[Image-text web data]
%%

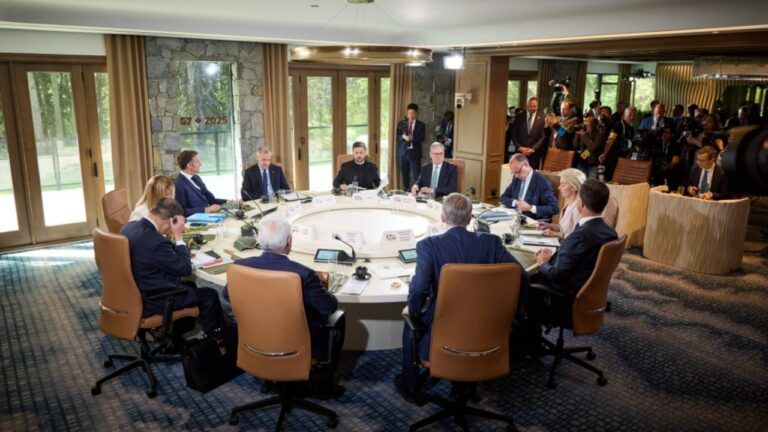 Зеленський на спецзасіданні лідерів країн G7
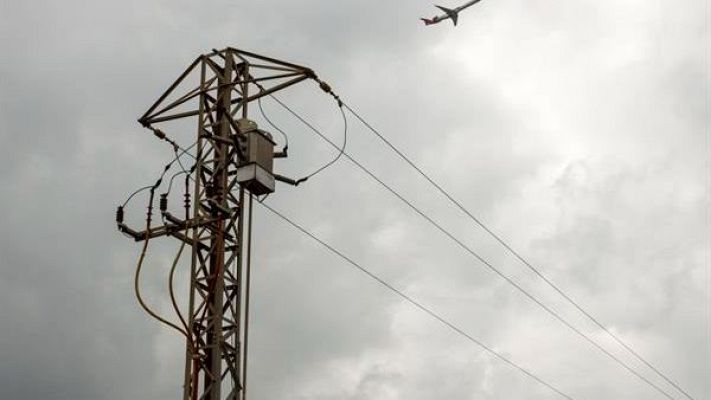 Telediario 2 - La Comisión Europea aprueba la excepción ibérica para abaratar el precio de la luz en España y Portugal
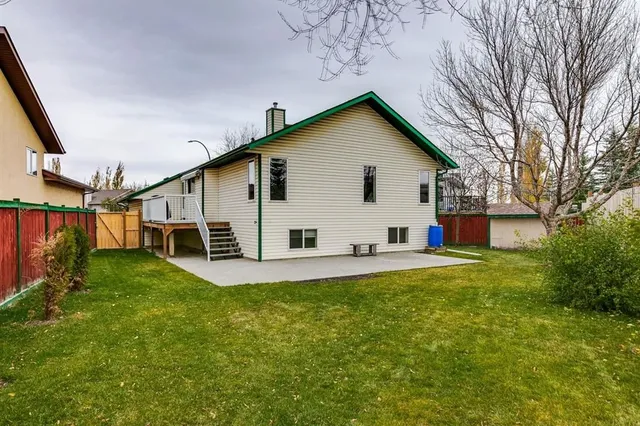 120 Willowbrook Close, Airdrie 4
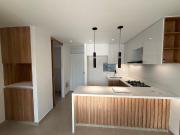 Apartamento remodelado para estrenar con vista al lago |...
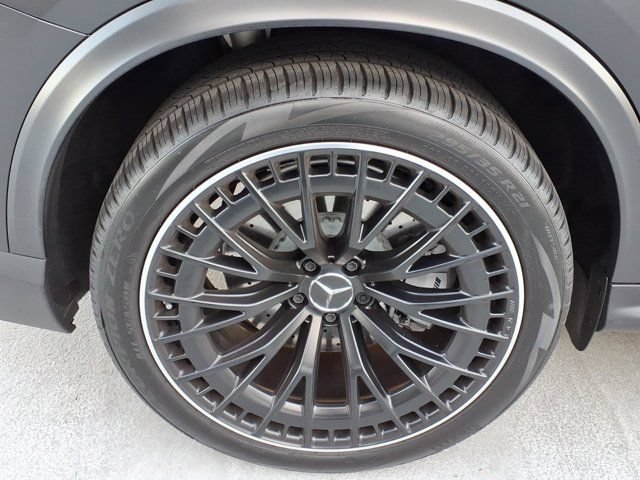 Certified 2024 Mercedes-Benz GLC 43 AMG 4MATIC image 24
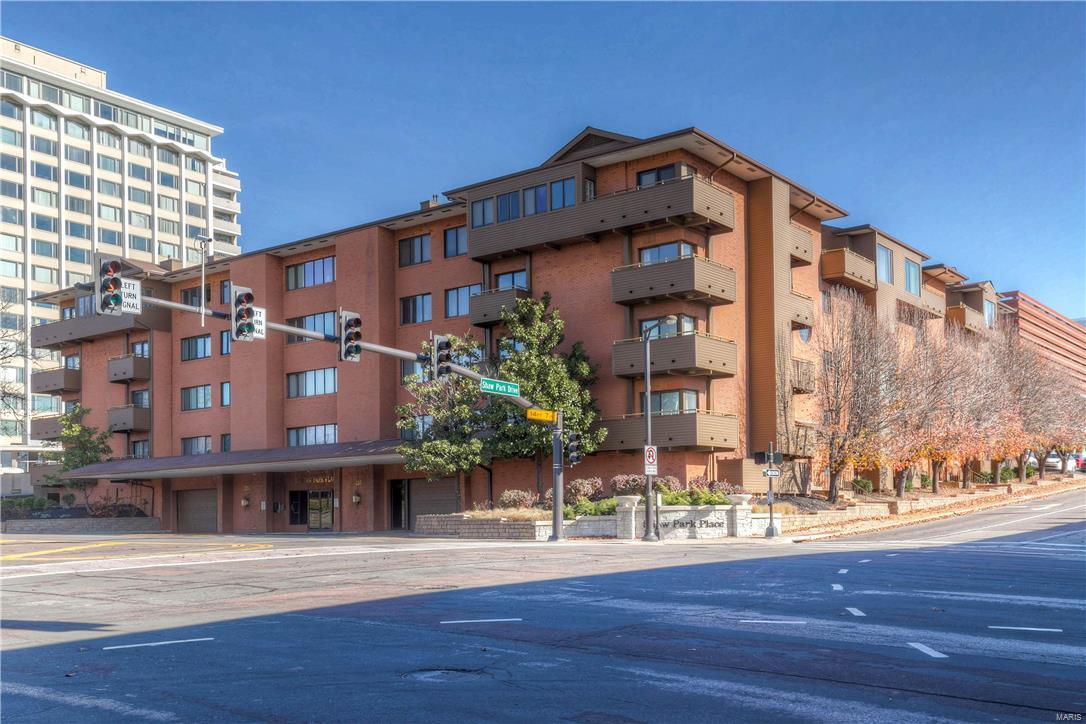 Shaw Park Place Condo - Residential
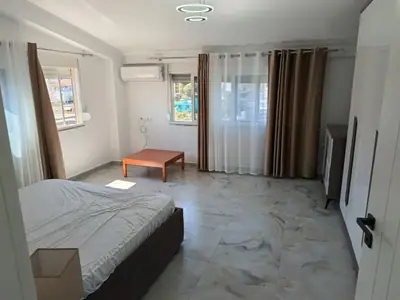 1+1 apartment, 8/12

%%

== TRY IT ==
When you reach the line containing "Telediario 2 - La" in the records above, write out that line and every line after it through the end, exactly, but omit the pictures.

== TASK RESPONSE ==
 Telediario 2 - La Comisión Europea aprueba la excepción ibérica para abaratar el precio de la luz en España y Portugal
 120 Willowbrook Close, Airdrie 4
 Apartamento remodelado para estrenar con vista al lago |...
 Certified 2024 Mercedes-Benz GLC 43 AMG 4MATIC image 24
 Shaw Park Place Condo - Residential
 1+1 apartment, 8/12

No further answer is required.